Ma tornando al counseling, negli usa c’è una divisione APA del counseling (termine coniato dal collega Carl Rogers). L’esistenza di altre modalità di counseling, comunque psicologici, dipende da una normativa italiana che definisce un albo degli psicologi e non solo degli psicoterapeuti che nei paesi anglosassoni non esiste.
Perché qui c’è questa normativa che da altri parti non c’è? Storie diverse, popoli diversi, necessità differenti. Quale è meglio? Ognuno ha quella che ritiene migliore in un sistema complesso come quello della vita di una nazione. Per il momento, studiando i contenuti, non ho trovato altri counseling al di fuori della psicologia, se siamo d’accordo, come credo di aver capito. allora il problema è normativo e non di contenuto. Non facciamo come alcuni che tendono ad affermare che il counseling non sia psicologico per evitare le leggi, affermiamo le cose come stanno e poi, nel caso, le battaglie van fatte sulle questioni reali senza nascondersi dietro inglesismi.
Altrimenti, concedimi una battuta, vado a fare il “dental filliger”, faccio solo otturazioni ma non è professione dentistica 🙂
Caro Paolo, condivido molto di quello che dice, a parte la ” vecchia europa”, in cui, sulla gestione delle professioni, tende ad omologare tutti i paesi europei quando si sa che le diversitá sono molte. Il sistema britannico, vecchia europa anche quello, assomiglia molto poco al nostro. Purtroppo o per fortuna, dipende da quel che si pensa in merito, facciamo parte della UE e così come abbiam cambiato il sistema universitario, si dovrá cambiare anche quello delle professioni. La tendenza, mi sembra, sará quella liberale, magari moderata da alcuni vincoli. Comunque son d’accordo con lei: nessun counselor americano o inglese si sognerebbe mai di dire che quel che fa non ha nulla a che fare con la psiche umana. La riprova è che in entrambi i paesi il counseling (o counselling) è considerato “therapy”, quindi, a rigor di legge e di logica, dovrebbe, in Italia oggi e sino a che non si cambi la legge, essere fatto dagli psicoterapeuti. Apprezzo comunque che finalmente qualcuno, lei, ammette che in molti altri paesi non esistono gli Ordini. La presenza contemporaneamente di counselling psychologists, counsellors e psychotherapists (gli ultimi due non necessariamente con una laurea in psicologia) in quei (molti) paesi, non spaventa nessuno. Meno che meno i cittadini “service-users”, i quali scelgono chi vogliono, sapendo che comunque tutti hanno una loro formazione, sono in qualche modo regolati, ecc. L’abuso di professione non è previsto, e comunque è statisticamente irrilevante e non vi è caccia alle streghe. Sono d’accordo con lei che in italia è una questione normativa e non di merito ( e quindi la norma se ne frega delle definizioni e dei contenuti disciplinari, della scienza, ecc.)
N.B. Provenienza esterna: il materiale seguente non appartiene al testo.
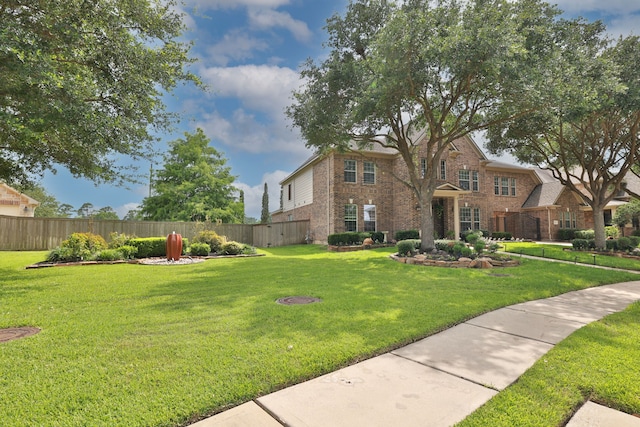 19931 Standing Cypress Dr, Spring, TX 77379 - view of front of property featuring brick siding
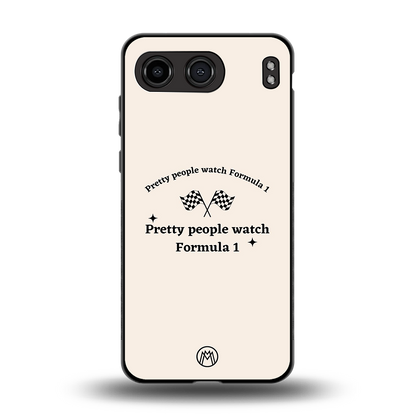 formula 1 back phone cover | glass case for oneplus nord 4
Guardi posso essere d’accordo con lei che un medico del pronto soccorso non ha molto senso che si occupi di psicoterapia, tuttavia non vedo come possa occuparsene un laureato in informatica che si é fatto i 3 anni di corso di scuola di counseling. E’ molto carino il suo excursus storico più o meno veritiero, resta il fatto che: anche se come dice lei psicoterapeuta e psicologo sono due professioni differenti (molto opinabile) non si capisce che formazione debba avere secondo lei un professionista per fare counseling (non “counselling”, per sapere di cosa si tratta bisognerebbe cominciare a scriverlo correttamente). Detto questo essendo che il counseling é di fatto una branca della psicologia o se vuole della psicoterpia mi sembra opportuno che chi voglia diventare counselor completi l’iter previsto dalla legge: 5 anni per diventare psicologo e altri 4 per diventare psicoterapeuta.
Grazie Marco. Innanzitutto si scrive “counseling” negli Stati Uniti e “counselling” nel Regno Unito. Se vuole dare lezioni prima si documenti, altrimenti fa pure brutta figura. Per usare il suo stile, direi che per sapere di cosa si tratta bisognerebbe conoscere la lingua, nella fattispecie il British English e l’American English. Infatti esistono l’American Counseling (una L) Association (http://www.counseling.org) e la British Association for Counselling (due L) & Psychotherapy (http://www.bacp.co.uk). Verifichi. Inoltre: non ho detto che psicologo sono due professioni differenti, ma che in molti paesi tale è la storia. Le due professioni hanno storie diverse. A volte si incontrano, a volte si separano. Rimane il fatto che la psicoterapia non è riservata agli psicologi per legge in tutto il mondo anglo-sassone, dagli USA e Canada, sino all’Australia, passando per il Regno Unito e l’Irlanda. Poi possiam discutere su preparazione, corso di studi, ore di pratica professionale supervisionata, ecc. Ma, a meno che non si voglia affermare che statunitensi, canadesi, irlandesi, inglesi, australiani, neozelandesi, e forse anche altre nazionalità non anglo-sassoni (bè, a dire il vero, gli irlandesi non sono anglo-sassoni, ma il loro modello formativo e di regolamentazione delle professioni lo è) abbiano una sorta di ritardo mentale, e che non hanno ancora capito che il sistema ordinistico italiano è migliore, dovremo rassegnarci al fatto che quello che “in tutto il resto del mondo è come qui da noi” non è un valido argomento a sostegno delle tesi di chi pensa che il nostro sistema sia il migliore al mondo (o che tutto il resto del mondo è come noi). Semplicemente, si battano altre strade razionali.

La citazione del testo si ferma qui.